Jazz vocalist Madeleine Peyroux has climbed the Ann Arbor musical ladder all the way to the top: she’s appeared at the Ark, the Michigan Theater, and now — on Thursday, November 8 — at Hill Auditorium.
Among the singers who have reached that level, she’s quite reserved; Americans, by and large, like singers with big personalities. Peyroux’s reserve is of a special kind, however — she is emerging by degrees from behind a mask. And that can be even more fascinating.
Peyroux has an unusual life story to go with her creative odyssey. Born in Georgia around 1974, she moved to Europe with her mother after her parents divorced. She ran away from home as a teen and ended up singing on the streets in Paris with groups of French musicians who liked American jazz. “It was a very advantageous position to be in: to have this music and be able to share it with people — and then at the same time to be outside it all,” she once said. The upshot was that Peyroux developed into an imitator. “It’s like she’s channeling Billie Holiday,” I heard someone exclaim when I first heard Peyroux at the Ark.
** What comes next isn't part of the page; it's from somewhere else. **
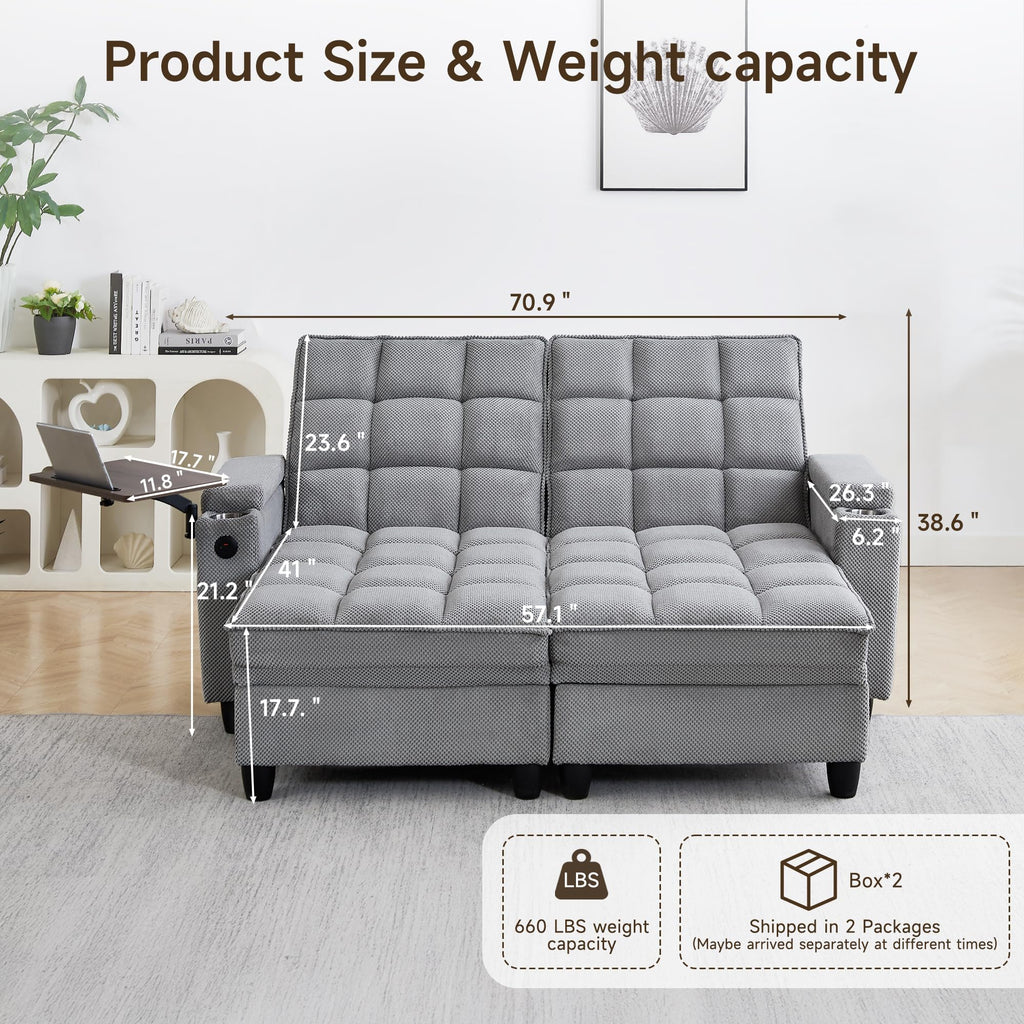 70.9'' Double Chaise Lounge with 360 degree rotatable side table, Comfy Corduroy Indoor Lounge Chair with Armrest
But she had the creativity to realize what a box this put her into. Between Peyroux’s first album, Dreamland, and the second, Careless Love, there was an unheard-of interval of eight years, during which she waited tables in Nashville, among other activities. She hasn’t tried to remake herself wholesale — she still sounds a lot like Billie Holiday — but over time she has embraced the contradictions inherent in her original persona: American and French, a rebel yet a nostalgia act, a classic stylist yet an artist struggling to find her own voice, and an instant success who shunned the spotlight and disappeared. She has begun to find a path that leads between these extremes.
On Careless Love, and especially on her fine new album Half the Perfect World, she has searched out material that makes her into a more contemporary personality — and makes the feeling of dislocation expressed in the lyrics seem her own instead of someone else’s. She performs songs by Leonard Cohen, Joni Mitchell, Tom Waits, and, on the new album, Fred Neil — “Everybody’s Talkin’,” which she makes entirely her own. Her music now features electric guitars and, sometimes, a pedal steel. And her original songs are gaining focus and edge. Applying her quiet jazz to the sophisticated songwriting of a later era, Peyroux is making listeners forget the Billie Holiday thing even as she keeps the uncanny sound of that tragic figure.
Madeleine Peyroux’s cool remoteness in concert tends to put some people off, but others are plainly fascinated by the woman behind the mask. How the next stage of this story will play out in a space the size of Hill ought to be fascinating in itself.